Supongamos que en el dominio de lo moral la distinción dominio es la del bien y el mal;
que en lo estético lo es la de lo bello y lo feo; en lo económico la de lo beneficioso o lo
perjudicial, o tal vez de lo rentable y lo no rentable. El problema es si existe alguna
distinción específica, comparable a esas otras aunque, claro está, no de la misma o
parecida naturaleza, independiente de ellas, autónoma y que se imponga por sí misma
como criterio simple de lo político; y si existe, ¿cuál es?
Pues bien, la distinción política específica, aquella a la que pueden reconducirse todas las
acciones y motivos políticos, es la distinción de amigo y enemigo. Lo que ésta proporciona
no es desde luego una definición exhaustiva de lo político, ni una descripción de su
contenido, pero sí una determinación de su concepto en el sentido de un criterio. En la
medida en que no deriva de otros criterios, esa distinción se corresponde en el dominio
de lo político con los criterios relativamente autónomos que proporcionan distinciones
como la del bien y el mal en lo moral, la de belleza y fealdad en lo estético, etc.

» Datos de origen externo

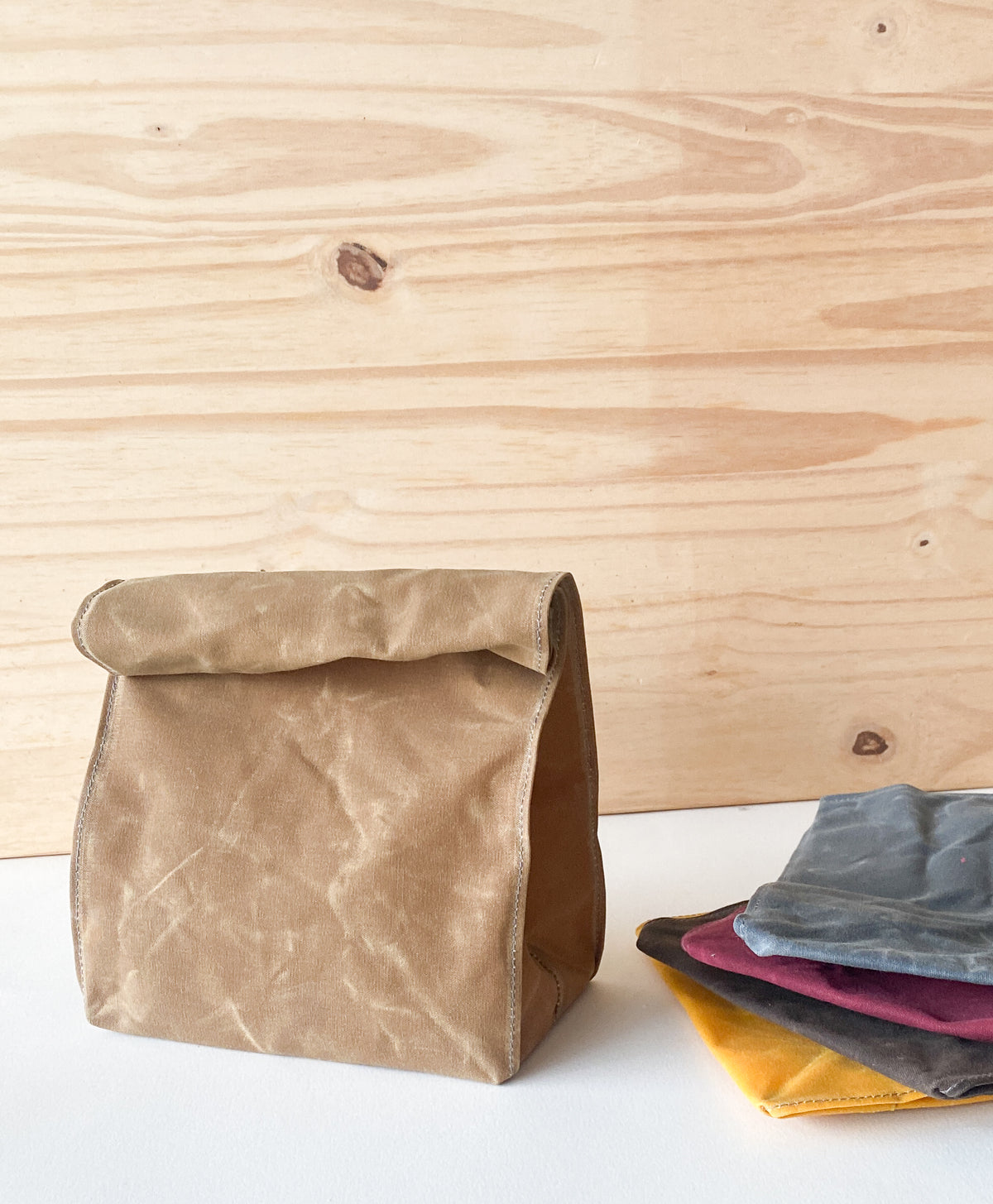 Waxed Canvas Lunchbag shown with available colors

Es desde
luego una distinción autónoma, pero no en el sentido de definir por si misma un nuevo
campo de la realidad, sino en el sentido de que ni se funda en una o varias de esas otras
distinciones ni se la puede reconducir a ellas.
Si la distinción entre el bien y el mal no puede ser identificada sin más con las de belleza
y fealdad, o beneficio y perjuicio, ni ser reducida a ellas de una manera directa, mucho
menos debe poder confundirse la oposición amigo-enemigo con aquéllas. El sentido es
marcar el grado máximo de intensidad de una unión no separación, de una asociación o
disociación. Y este criterio puede sostenerse tanto en la teoría como en la práctica sin
necesidad de aplicar simultáneamente todas aquellas otras distinciones morales,
estéticas, económicas y demás. El enemigo político no necesita ser moralmente malo, ni
estéticamente feo, no hace falta que se erija en competidor económico, e incluso puede
tener sus ventajas hacer negocios con él. Simplemente es el otro, el extraño, y para
determinar su esencia basta con que sea existencialmente distinto y extraño en un
sentido particularmente intensivo. En el último extremo pueden producirse conflictos
con el que no puedan resolverse ni desde alguna normativa general previa ni en virtud
del juicio o sentencia de un tercero «no afectado» o «imparcial».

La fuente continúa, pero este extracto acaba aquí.